UTF-8 is a Unicode encoding, a way of representing a (abstract) sequence of Unicode characters as a (specific) sequence of bytes. There are other encodings, such as UTF-16 (which have both high and low order options). Both UTF-8 and UTF-16 can represent any character in Unicode, so you can support all languages, regardless of which one you choose.
UTF-8 is useful if most of your text is in Western languages, since it represents ASCII characters in just one byte, but for many characters, for a character of a foreign alphabet such as Chinese, three bytes are required for each character. UTF-16, on the other hand, uses exactly two bytes for all the characters you are likely to encounter (although some very esoteric characters outside of the Unicode "Basic Multilingual Plane" require four).

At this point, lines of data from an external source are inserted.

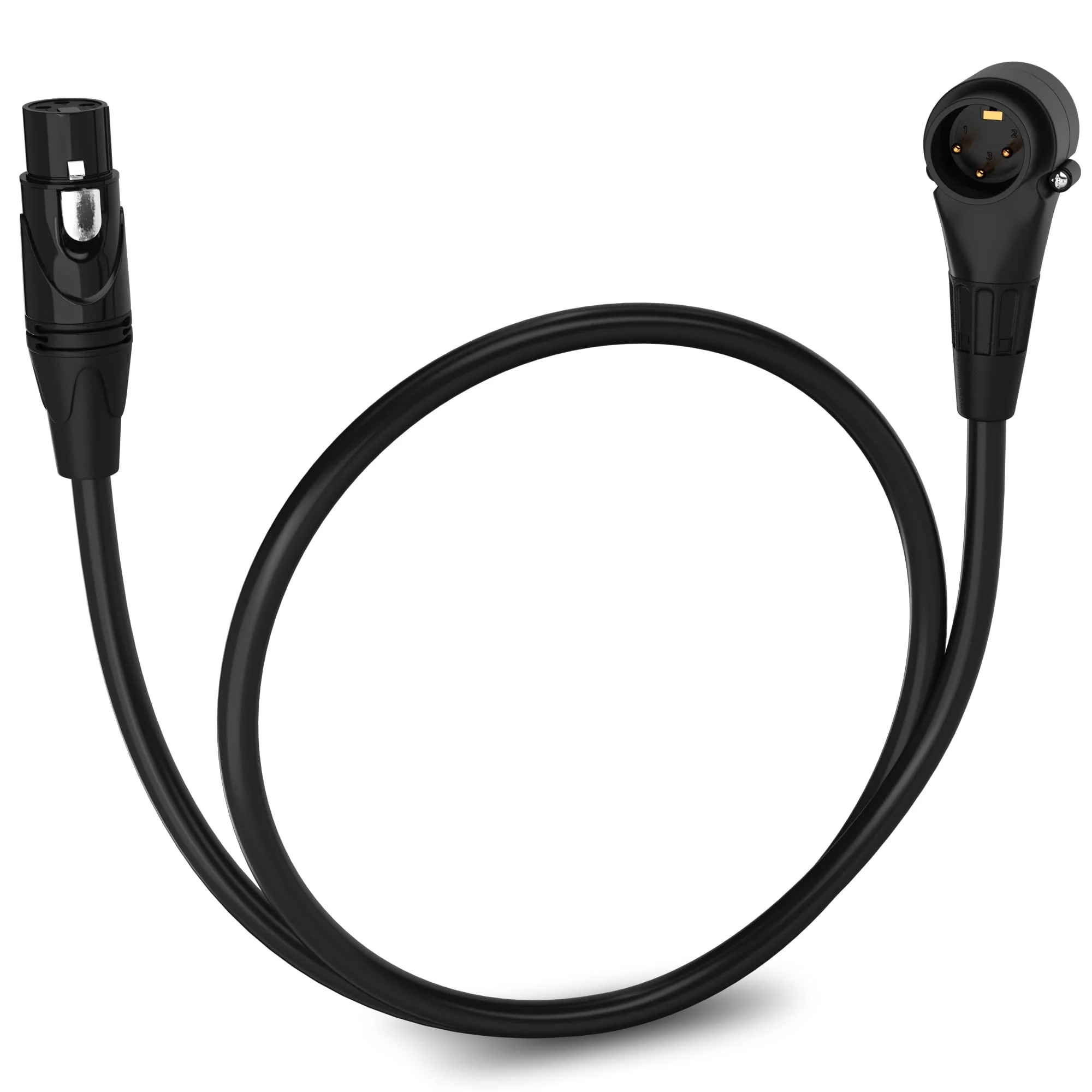 LyxPro 1.5 Feet Right Angle XLR Male to Female 3 Pin Mic Cord for Powered Speakers Audio Interface Professional Pro Audio Performance Camcorders DSLR Video Cameras and Recording Devices - Black 1.5 Ft. Angled Male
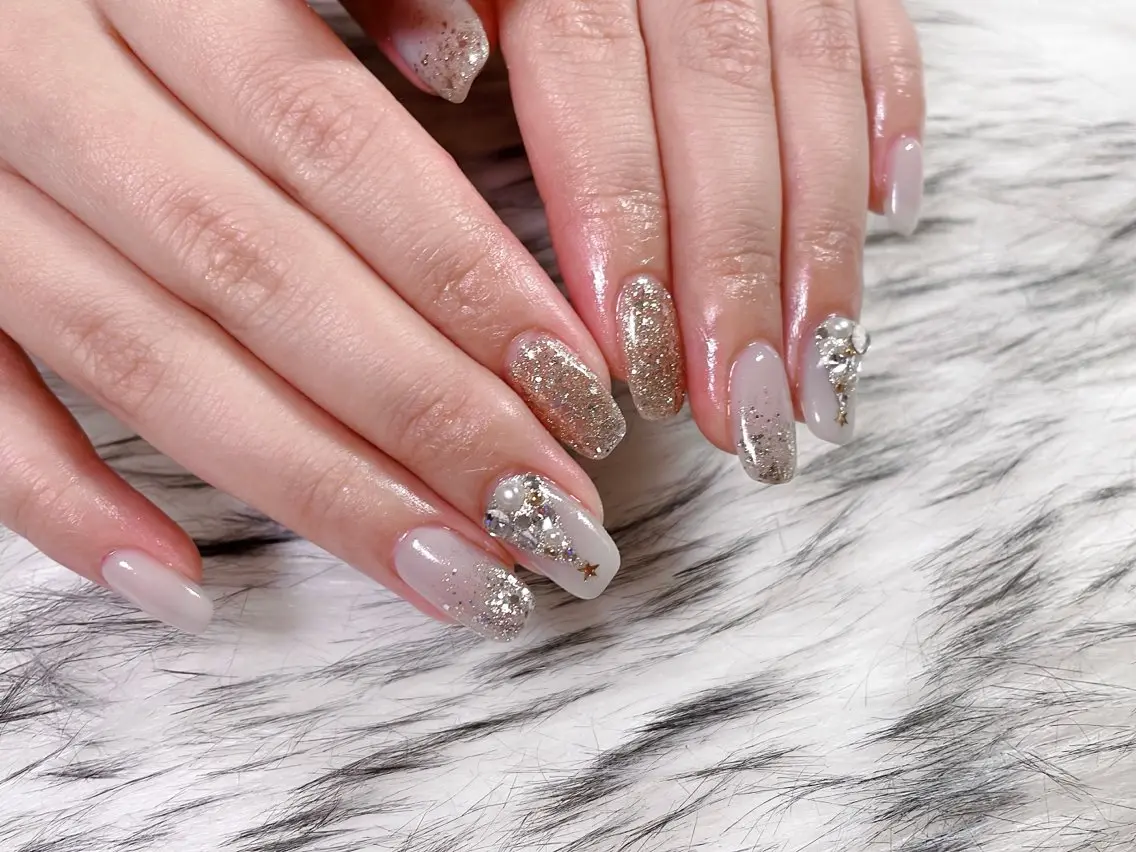 ネイル オーロラネイル フットネイル フレンチネイル ジェルネイル 韓国ネイル kiki nail &brow二子玉川のネイルデザイン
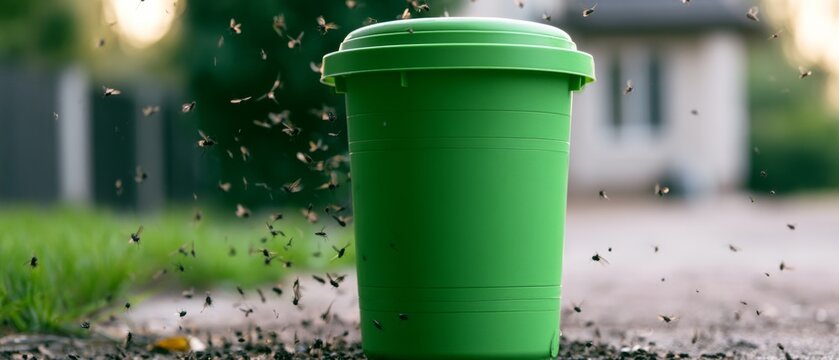 Green trash bin on a sidewalk surrounded by flying insects in a residential area during daylight hours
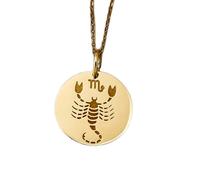 LKBEADS Collana in argento sterling 925 da 24 mm | catena da 18 pollici | ciondolo scorpione astrologia | segno zodiacale migliore amico | costellazione | placcatura in oro zodiacale | L_02047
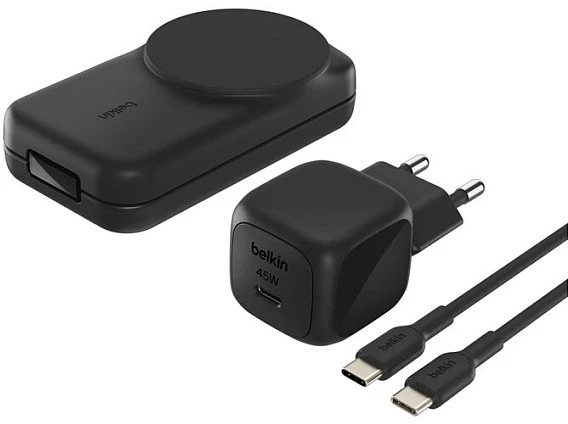 „Belkin UltraCharge 25W Qi2“ magnetinis 3 viename sulankstomas įkroviklis, juodas WIZ036kqBK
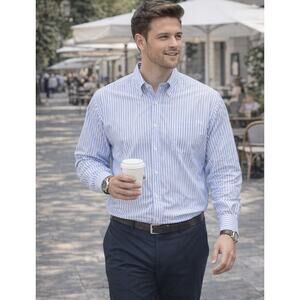 Perry Ellis Portfolio Men’s Dress Shirt 17 34/35 Blue Striped Wrinkle-Free EUC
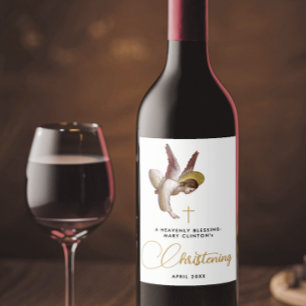 Etiqueta Para Botella De Vino Moda simple Ángel blanco bautizo bautismo cristian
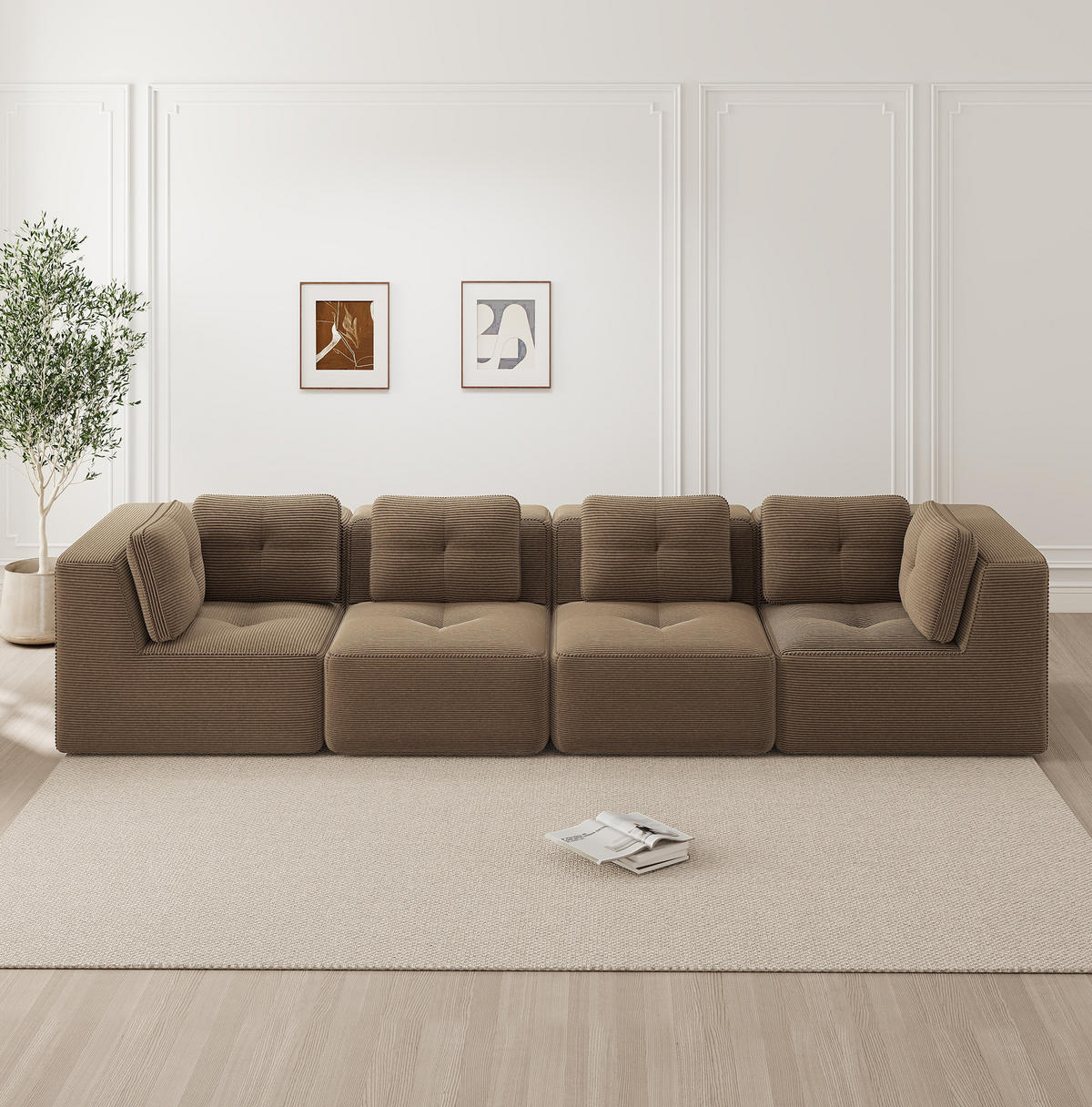 SOFA 386/104/69 cm in Braun aus Cord mit modularer Funktion - Braun, Textil (104/69/386cm) - Flora Grace
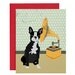 Dog with Phonograph Greeting Card - Boston Terrier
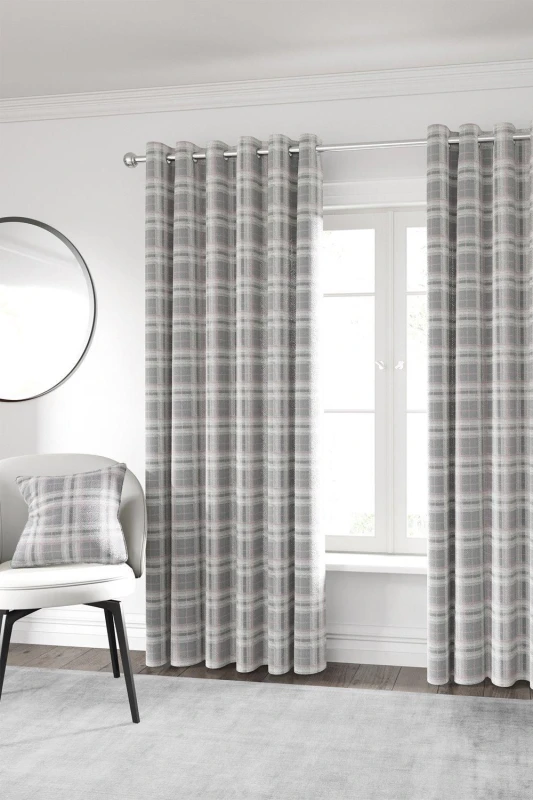 Image of Helena Springfield Helena Springfield 'Harriet' Woven Lined Curtains in Light Pink Size: 229cm width x 229cm drop Light Pink 229cm width x 229cm dro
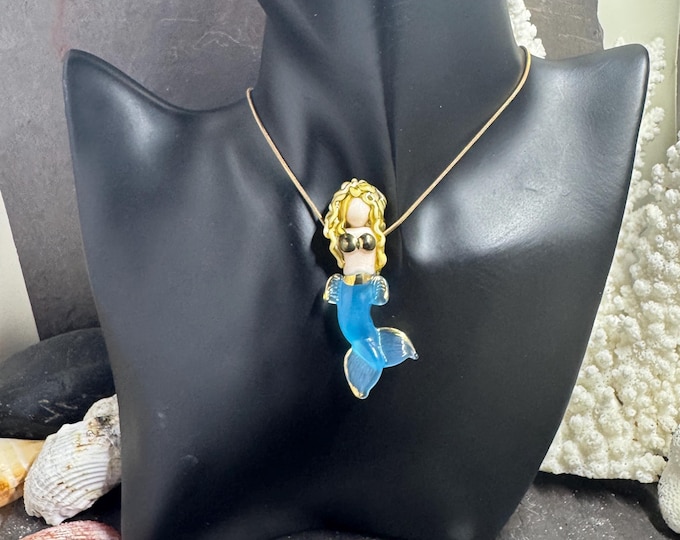 Handmade Italian Glass Sea Blue Goddess  Mermaid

I would not recommend using PHP to develop international software, because it really does not support Unicode. It has some additional functions for working with Unicode encodings (look at a multibyte string ), but the PHP core treats strings as bytes, not characters, so standard PHP string functions are not suitable for working with characters that are encoded as more than one byte . For example, if you call PHP strlen() on a string containing the UTF-8 representation of the "大" character, it will return 3 because this character takes up three bytes in UTF-8, although this is only one character. Using line break functions such as substr() is unstable because if you split the middle of a multibyte character, you will damage the string.
Most of the other languages used for web development, such as Java, C # and Python, have built-in Unicode support, so you can put arbitrary Unicode characters in a string and do not have to worry about what encoding is used to represent them in memory, because that from your point of view, the string contains characters, not bytes. This is a much safer, less error prone way to work with Unicode text. For this and other reasons (PHP is actually not such a wonderful language), I would recommend using something else.
(I read that PHP 6 will have proper Unicode support, but this is not yet available.)